Selama proses itu, ayah dan anak itu berbincang-bincang tentang masalah-masalah ringan sehari-hari. Bagaimana tentang presiden yang baru terpilih, keadaan cuaca, kemacetan lalu lintas… Tak sekalipun sang ayah menyinggung tentang masalah-masalah yang sedang dilalui putranya. Padahal putranya hampir yakin bahwa dia dipanggil ayahnya untuk diceramahi bagaimana menjadi orang muda Kristen yang baik. Tapi ternyata tidak, tidak malam itu.

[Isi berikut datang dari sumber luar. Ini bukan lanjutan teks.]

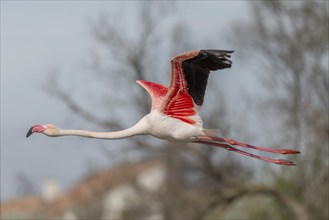 Flamingo (Phoenicopterus roseus) flying over a pond in spring. Saintes Maries de la Mer, Parc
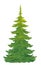 One tall spruce tree isolated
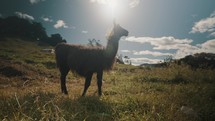 A Llama Chewing Grass In The Field During Daytime In Ecuador - wide	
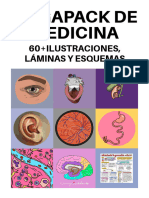 Mega Pack de Medicina Ilustraciones Laminas y Esquemas
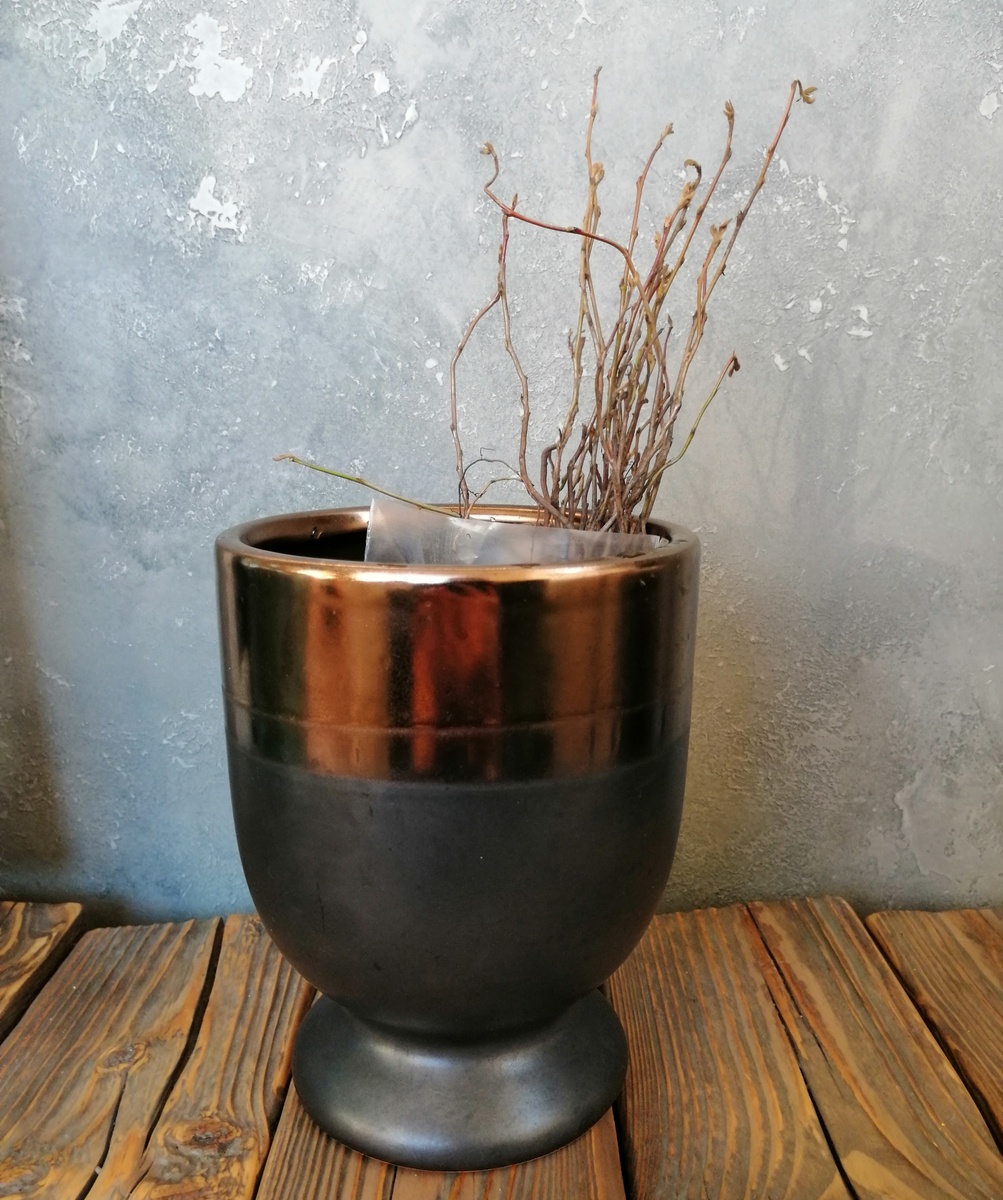 Сидят в эпине. От корня росточки сантиметров десять.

Mereka hanya berbincang-bincang sambil ayahnya memasak.
Tak lama kemudian ayahnya mematikan api. Ia menyisihkan wortel dan meletakkannya di atas sebuah mangkok, telur di atas mangkok yang lain, dan menuang kopi ke dalam mangkok yang lain lagi. Sambil menata rebusan itu ayanya mulai berbicara,
“Ketiga bahan ini telah mengalami proses yang sama: perebusan… Tapi masing-masing telah menunjukkan reaksi yang berbeda. Orang-orang Kristen juga mengalami masalahnya masing-masing, dan masing-masing telah menunjukkan reaksi yang berbeda pula.
Wortel adalah sebuah bahan yang kuat, keras dan sukar dipatahkan. Tetapi setelah direbus menjadi lembut dan lunak. Sebagian orang Kristen menunjukkan reaksi yang sama ketika mengalami masalah; menyerah, menjadi lunak dan kehilangan kekuatan mereka.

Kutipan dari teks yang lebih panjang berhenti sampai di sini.